3.2. Stable Sorting is Important, Sometimes
We don't always need stable sorting. Stability is not a concern if:
- equal elements are indistinguishable, or
- all the elements in the collection are distinct
When equal elements are distinguishable, stability is imperative. For instance, if the collection already has some order, then sorting on another key must preserve that order.
For example, let's say we are computing the word count of each distinct word in a text file. Now, we need to report the results in decreasing order of count, and further sorted alphabetically in case two words have the same count:
Input: how much wood would woodchuck chuck if woodchuck could chuck wood Output: chuck 2 wood 2 woodchuck 2 could 1 how 1 if 1 much 1 would 1
Once we have sorted the elements by count, we need to sort it further lexicographically. At this point, the sorting algorithm must maintain the relative order of the counts:
First pass, sorted by count: (wood, 2) (chuck, 2) (woodchuck, 2) (much, 1) (could, 1) (would, 1) (if, 1) (how, 1) Second pass, sorted lexicographically while preserving the previous relative order: (chuck, 2) (wood, 2) (woodchuck, 2) (could, 1) (how, 1) (if, 1) (much, 1) (would, 1)
3.3. Radix Sort
Radix Sort is an integer sorting algorithm that depends on a sorting subroutine that must be stable. It is a non-comparison based sorting algorithm that sorts a collection of integers. It groups keys by individual digits that share the same significant position and value.
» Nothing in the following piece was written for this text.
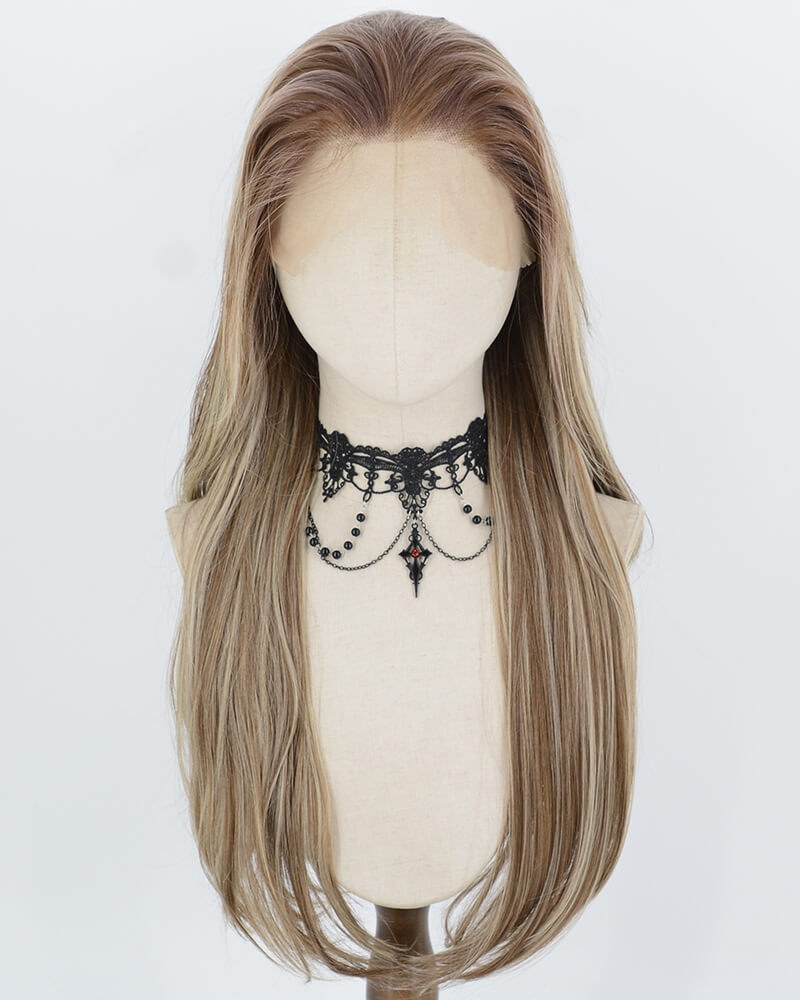 Brown With Beige Blonde Highlights Synthetic Lace Front Wig WW1070 — view 1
Let's unpack the formal definition and restate the basic idea:
for each digit 'k' from the least significant digit (LSD) to the most significant digit (MSD) of a number: apply counting-sort algorithm on digit 'k' to sort the input array
We are using Counting Sort as a subroutine in Radix Sort. Counting Sort is a stable integer sorting algorithm. We don't have to understand how it works, but that Counting Sort is stable.
Let's look at an illustrative example:
Each invocation of the Counting Sort subroutine preserves the order from the previous invocations. For example, while sorting on the tens' place digit (second invocation) 9881 shifts downwards, but stays above 9888 maintaining their relative order.
Thus, Radix Sort utilizes the stability of the Counting Sort algorithm and provides linear time integer sorting.
4. Stable and Unstable Sorting Algorithms
Several common sorting algorithms are stable by nature, such as Merge Sort, Timsort, Counting Sort, Insertion Sort, and Bubble Sort. Others such as Quicksort, Heapsort and Selection Sort are unstable.
We can modify unstable sorting algorithms to be stable. For instance, we can use extra space to maintain stability in Quicksort.
In this tutorial, we learned about stable sorting algorithms and looked at when stability matters, using Radix Sort as an example.